Lev Tahor sect controlled kids with fear, youth court told
Authorities worried Quebec sect would attempt mass suicide if children seized
Children living in the Ultra-Orthodox Jewish sect Lev Tahor in Quebec were medicated with melatonin to control their behaviour, couldn’t do basic math and were married off as young as 14, according to allegations made by youth protection services in court testimony made public today.
At the time of the hearing in a Saint-Jérôme, Que., youth court last November, the community had already fled to southern Ontario.
The testimony in court alleged children in the Lev Tahor community could be in imminent psychological and physical danger.
Authorities were also concerned about the possibility of mass suicide if the children were seized.
The judge ordered that the children be placed temporarily in foster care, undergo medical exams and receive psychological support, but the details of the allegations were covered by a publication ban until today.
An Ontario court is now deciding if the children will be returned to Quebec.
The Quebec authorities had been working with the group until Nov. 18, when some 40 families left their homes in Ste-Agathe-des-Monts in the middle of the night.
“We were shocked, I think is the word,” Denis Baraby, director of youth protection in Quebec’s Laurentians region, told CBC News.
In a transcript of that November hearing, a social worker testified that Quebec provincial police were worried about the risk of "collective suicide" among community members if the children were seized.
“We learned of a few teachings that the rabbi was doing and other related information that alerted us to that kind of a risk," Baraby said.
That concern wasn’t raised with the authorities until after the families left Quebec, he said.
Lev Tahor community denies allegations
Child-welfare authorities and local police in Ontario say they found nothing unusual when they checked in on the Lev Tahor children.
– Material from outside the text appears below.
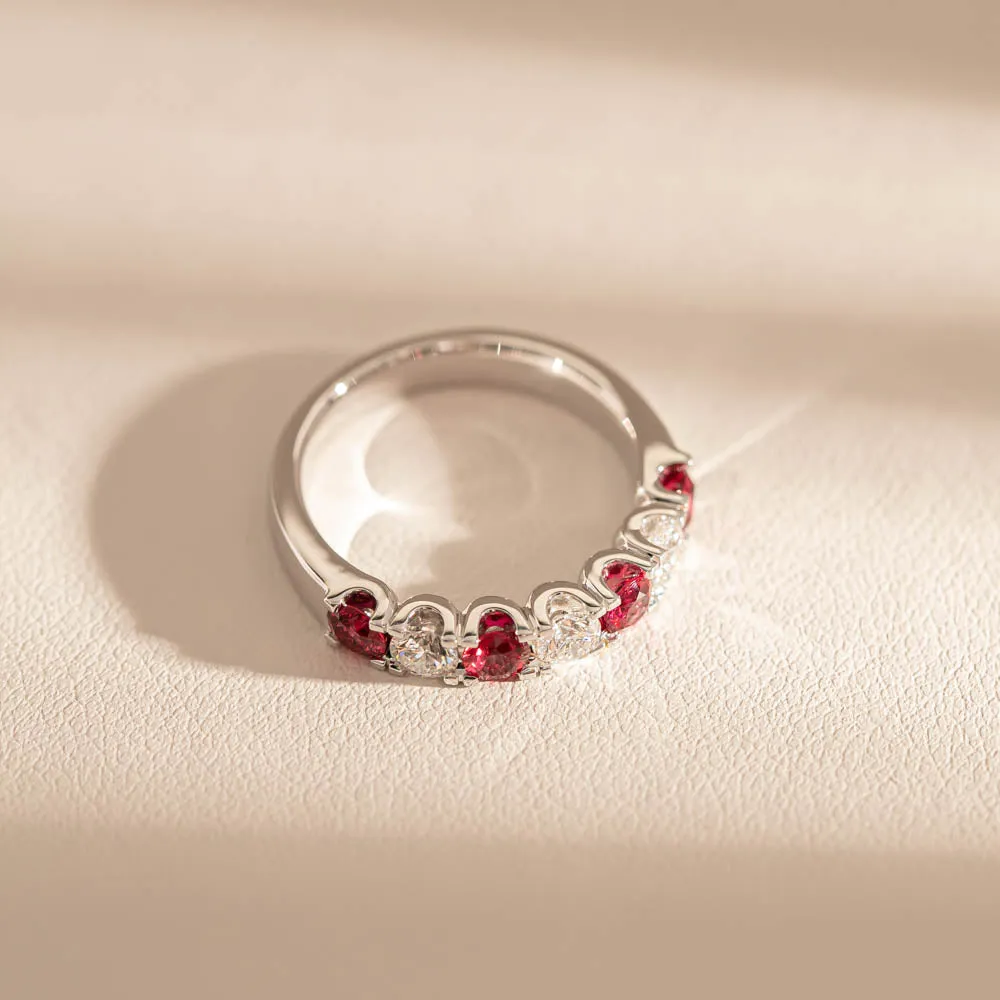 18ct White Gold .79ct Ruby & Diamond Rialto Ring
The community denies any mistreatment of the children.
Christopher Knowles, a lawyer for one of the Lev Tahor families, said his clients deny the allegations made by youth authorities and believe the facts have been misrepresented.
He said that if the authorities truly thought the children were at risk, they would not still be with their parents.
Social workers in Quebec testified that the group likely "staged" the scene when authorities came to investigate in Ontario and the majority of the members were tucked away out of sight.
'Children afraid of the outside world'
The community of about 200 people — about half of them children — was under investigation by social services in Quebec for a host of issues, including hygiene, children's health and allegations that the children weren't learning the Quebec curriculum.
At the November youth court hearing, several social workers described a cult-like atmosphere where members were isolated from the greater community and tightly controlled by the group’s leadership.
“Those children are afraid of the outside world,” one social worker told the youth court.
“Children confirmed to us that they are afraid of burning in hell if, for example, they are not modest enough.”
Two social workers described for the court the case of a young woman who repeatedly told a friend in Israel she wanted to leave, but was afraid to lose her children. That woman later denied that story.
Arranged marriages
The court also heard about young girls who were married off, possibly as young as 14, to much older men. But other testimony contradicted that, saying the girls were 16 years old.
One of those girls was of particular concern because of an advanced infection in her feet, a condition the social workers said is common in the community because women must adhere to a strict dress code and are barred from removing their socks.
In 2012, youth protection received a report about a young girl from the community who was in psychiatric care at a Montreal hospital. She was threatening to kill herself if she was ever returned to the community, the social worker testified.
“She was not even 14 and she was engaged, promised in marriage,” she said. “That was one of her biggest hesitations. I mean, she didn’t want to get married.”
The girl was eventually placed with a family in New York.
Controlled by fear
The social workers testified that children were controlled by fear and medication, such as melatonin.
“Fear is used constantly by the leaders, but also the parents, because that is a message that is used,” one of the social workers told the court.
“For us, this fear, this psychological abuse, is serious risk for harm of these young children.”
Children interviewed by social workers spoke of taking vitamins and melatonin, a natural hormone supplement that helps with sleep, up to three times a day. Others said it wasn’t given to children.
A social worker testified that one of the bus drivers who transported the families from Quebec to Ontario suspected the children had been administered some sort of sedative, possibly Gravol.
The driver told youth authorities a man in the group instructed her not to open the door for the duration of the 14-hour trip and let anyone off.
“She saw the children urinating in Ziploc bags. No baby’s diapers were changed,” the social worker told the court.
The driver said to the social worker that the women and children ate only bread crusts for the duration of the trip.
The women and children initially seemed terrified when they got on the bus, the driver reported to the social worker.
“A few minutes later, there was impossible silence for the rest of the trip,” a social worker testified.